DCT

1:22-cv-01063

Trend Micro Inc v. Open Text Inc

Key Events

Complaint

I. Executive Summary and Procedural Information

Parties & Counsel:
- Plaintiff: Trend Micro Incorporated (California)
- Defendant: Open Text, Inc. (Delaware), Open Text Corp. (Ontario, Canada), Open Text Public Sector Solutions, Inc. (Virginia), and Webroot, Inc. (Delaware)
- Plaintiff’s Counsel: Paul Hastings LLP
Case Identification: 1:22-cv-01063, E.D. Va., 09/16/2022
Venue Allegations: Plaintiff alleges venue is proper in the Eastern District of Virginia because Defendant Open Text Public Sector Solutions, Inc. is incorporated in Virginia and maintains a regular and established place of business in Arlington. Venue over other defendants is based on allegations of maintaining regular and established places of business in the district, including through local offices and employees, and for the foreign Canadian entity, based on the provision that it may be sued in any judicial district.
Core Dispute: Plaintiff alleges that Defendants’ cybersecurity and data capture products infringe three patents related to machine-learning-based malware detection, malicious URL identification, and optical character recognition (OCR).
Technical Context: The case concerns cybersecurity technologies that use machine learning to identify threats, such as malware in files or malicious links in webpages, and data processing technology that uses OCR to extract text from images, which is critical in anti-spam and document management systems.
Key Procedural History: The complaint references Applicant arguments made during the prosecution of the '548 and '808 patents to distinguish prior art. For the '548 patent, the Applicant emphasized the novelty of combining multiple feature sets into a single larger set to train one model for detecting different malware types. For the '808 patent, the Applicant distinguished its "adversarial" approach of searching an image for a specific term from prior art that first extracted all text and then analyzed it. These arguments may inform the court’s interpretation of the claim scope.

Case Timeline

Date	Event
2005-08-15	U.S. Patent No. 8,161,548 Priority Date
2006-12-04	U.S. Patent No. 8,045,808 Priority Date
2010-01-13	U.S. Patent No. 8,505,094 Priority Date
2011-10-25	U.S. Patent No. 8,045,808 Issued
2012-04-17	U.S. Patent No. 8,161,548 Issued
2013-08-06	U.S. Patent No. 8,505,094 Issued
2019-01-01	OpenText acquires Carbonite (parent company of Webroot) (approx. date based on Compl. ¶29)
2021-02-04	OpenText launches BrightCloud Cloud Service Intelligence (Compl. ¶30)
2022-09-16	Complaint Filing Date

II. Technology and Patent(s)-in-Suit Analysis

U.S. Patent No. 8,161,548 - "Malware Detection Using Pattern Classification"

Issued: April 17, 2012

The Invention Explained

Problem Addressed: Prior art malware detection techniques were unable to effectively handle new, "unknown" malware.
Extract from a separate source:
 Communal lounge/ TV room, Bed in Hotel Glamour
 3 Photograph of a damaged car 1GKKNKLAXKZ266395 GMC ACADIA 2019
Predefined pattern databases could only detect known threats, while rule-based or heuristic systems were difficult to maintain, time-consuming, and could not achieve both a high detection rate and a low false-positive rate (Compl. ¶¶33-34; ’548 Patent, col. 1:34-47).
The Patented Solution: The invention proposes a method for training a malware classifier using a machine learning algorithm. The method involves creating a single, combined "feature set" from features relevant to at least two different types of malware. This allows a single trained model to identify multiple malware types, which the patent asserts is more efficient and effective than conventional approaches that might require separate models for each malware type (Compl. ¶¶36-38; ’548 Patent, col. 5:42-51). The features include software characteristics, DLL and function names, and common alphanumeric strings associated with malware (’548 Patent, Abstract).
Technical Importance: This approach represented a shift toward using more sophisticated, consolidated machine learning models in cybersecurity, aiming to create more flexible and scalable defenses against a rapidly diversifying threat landscape (Compl. ¶35; ’548 Patent, col. 2:65-4:19).

Key Claims at a Glance

The complaint asserts at least Claim 1, an independent method claim (Compl. ¶78).
Essential elements of Claim 1 include:
- Determining classification labels for a first type of malware and a second type of malware.
- Creating a feature definition file that includes first features for the first malware type and second features for the second malware type.
- Combining the first and second features into "one feature set" in the feature definition file.
- The features include software characteristics, DLL names, function names, and alphanumeric strings.
- Executing a training application with the feature definition file and training data (including malware and benign software).
- Outputting a training model arranged to assist in identifying both types of malware.
The complaint does not explicitly reserve the right to assert dependent claims but makes general allegations of infringement of "one or more claims" (Compl. ¶76).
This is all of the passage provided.